The Investment Company Institute in Washington quietly posted a report on its website this month rebutting charges that pension plan expenses are lower than mutual fund expenses.
But critics say the ICI's analysis in nothing more than fuzzy math.
They say the report is an ill-conceived attempt to blunt criticism from New York Attorney General Eliot L. Spitzer. Earlier this month, Mr. Spitzer testified in a hearing before the Senate, where he criticized fund companies for charging more to manage mutual funds than pension funds.
Charges of obfuscation
The ICI report never mentions Mr. Spitzer, but it does take to task a widely quoted academic study published in 2001.
Using data on 1,343 domestic-stock funds from Morningstar Inc. in Chicago, the study purports to show that mutual fund boards approved an average annual advisory fee equal to 0.56% of investor assets in 1999 - double what public pension funds paid the same fund companies.
The institute, however, says in its report that the study "miscalculated mutual fund expenses by including more than portfolio-management-related expenses."
Even critics of the mutual fund industry say the ICI may have a point - although the authors of the study vehemently deny it.
"We're right, and they're wrong," says John P. Freeman, a professor of legal and business ethics at the University of South Carolina, and co-author of the 2001 study.
"These people like to obfuscate, and they like to hide things," Mr. Freeman, a former lawyer with the division of investment management at the Securities and Exchange Commission, says about the ICI. "It's all about protecting the [fund] sponsors to the detriment of fund shareholders."
Not everyone agrees, but industry critics say the institute is overreaching when it states in its report that the expenses borne by mutual funds for portfolio management are roughly the same as those incurred by public pension plans.
apples and oranges?
"I think the way they present this rebuttal is a little disingenuous," says Roy Weitz, editor of the Tarzana, Calif.-based newsletter FundAlarm.com.
The reason the ICI's report is misleading, he says, is because it claims to show that expenses incurred for portfolio management are roughly the same in mutual funds and pension funds by comparing the portfolio management fees of pension plans and the subadvisory fees incurred by mutual funds that are subadvised.

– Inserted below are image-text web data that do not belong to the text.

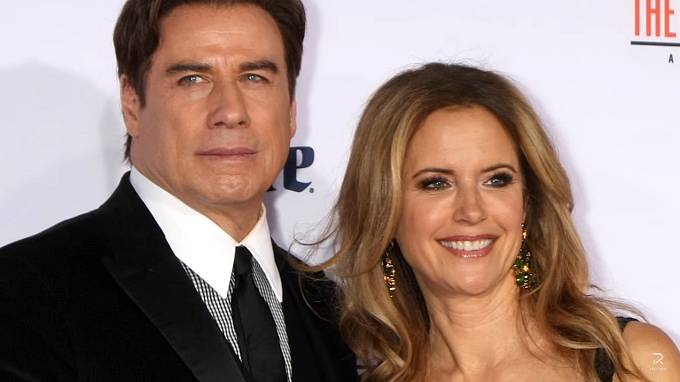 John Travolta a Kelly Preston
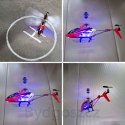 Helikopter zdalnie sterowany na pilota RC SYMA S107H 2.4GHz RTF czerwony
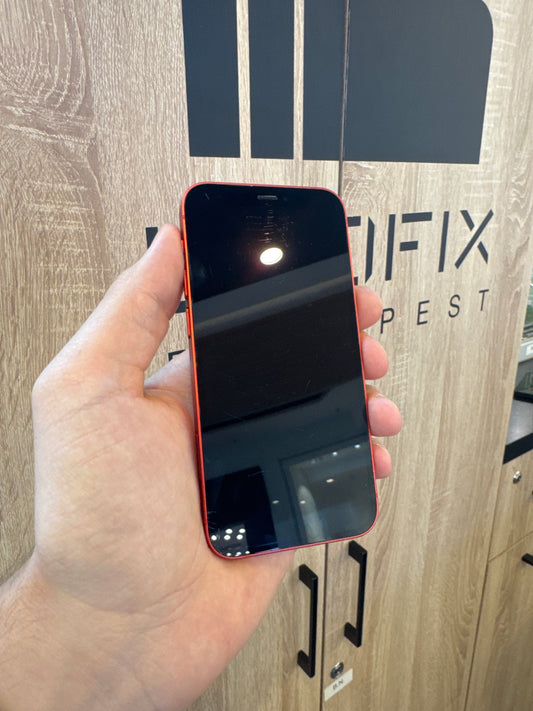 Apple iPhone 12 mini 64GB 100% akku kártyafüggetlen 1 év garancia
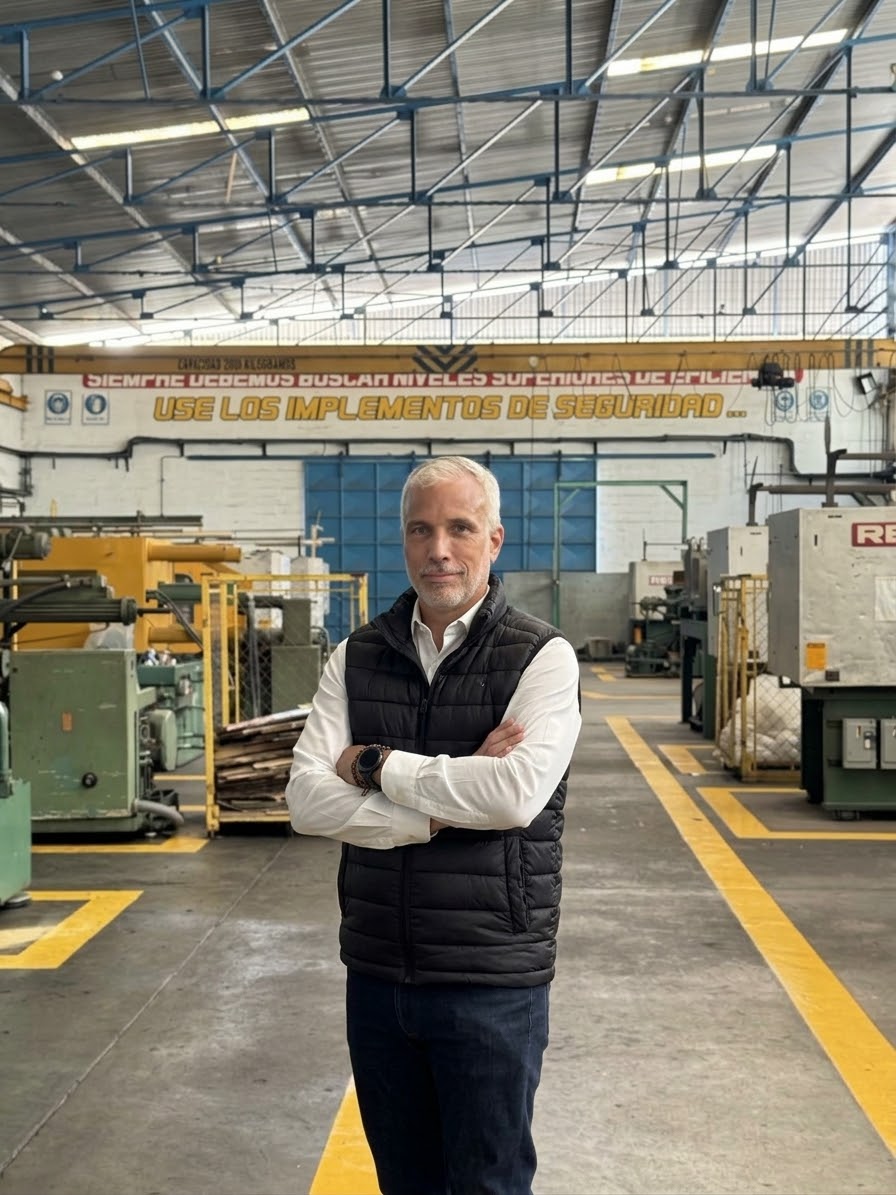Luis E Hernández H, Vicepresidente de INELEC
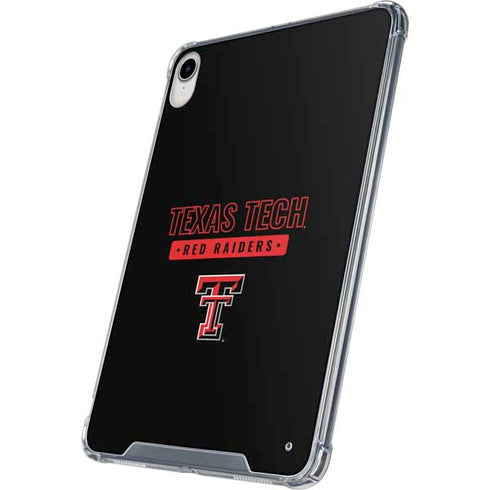 Texas Tech University TT Red Raiders iPad 11th Gen (2025) Clear Case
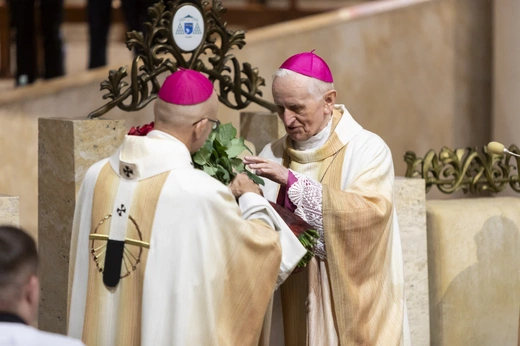 Msza św. w intencji abp. Damiana Zimonia cz.1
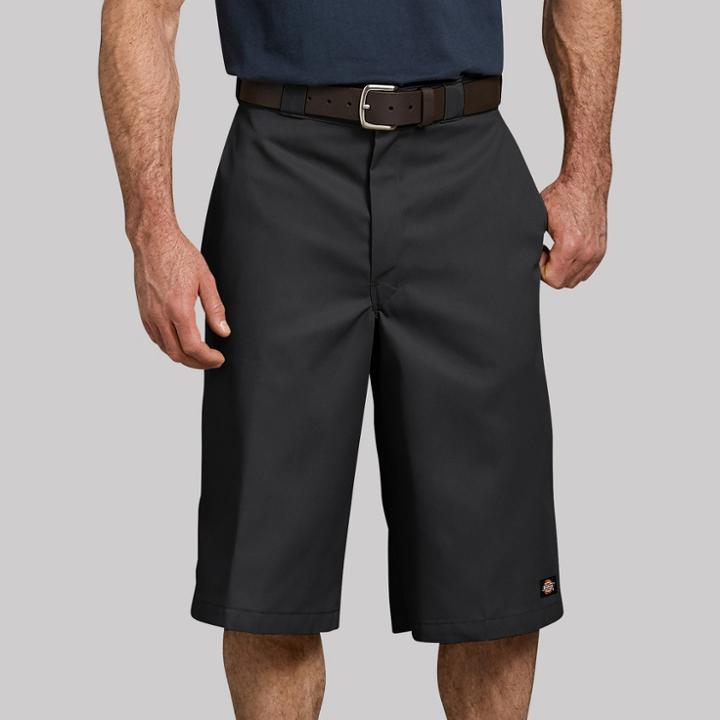 Dickies Men's 16 Big & Tall Trouser Shorts - Black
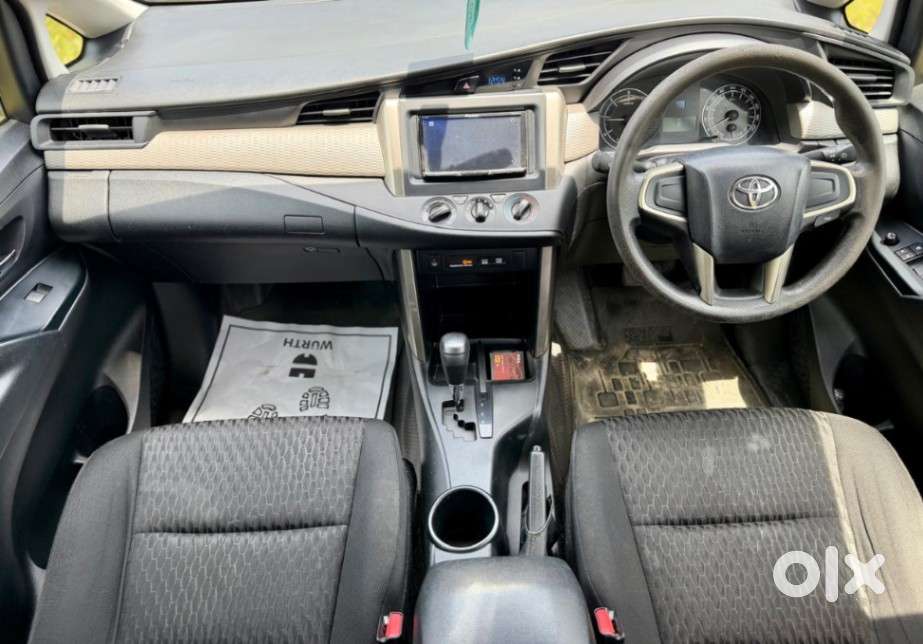 Toyota Innova Crysta 2.8 Gx At, 2018, Diesel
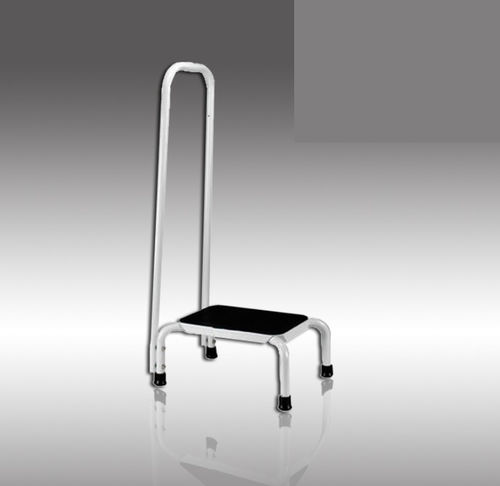 Stufentritt mit 1 Stufe - 5607 - HYZMED Medical - mit Handlauf / rutschfest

The ICI claims in its report that such a comparison is the only fair way to evaluate management expenses because a mutual fund's own management fee typically covers services that don't necessarily have to do with picking securities. That is not the case with the management fee of a pension fund.
A mutual fund subadviser, however, primarily provides security selection, trading and reporting services, the ICI report states.
But comparing mutual fund subadvisory fees with the cost of managing a pension fund proves next to nothing because most funds aren't subadvised, Mr. Weitz says.
If the ICI really wanted to compare management expenses, it should have gone to the trouble of pulling those expenses out of the management fees charged by mutual funds rather than saying it was too difficult because those fees include other expenses, he says.
"This just strikes me as more of the type of foot-dragging they typically engage in and have engaged in forever on issues of importance," Mr. Weitz says of the ICI.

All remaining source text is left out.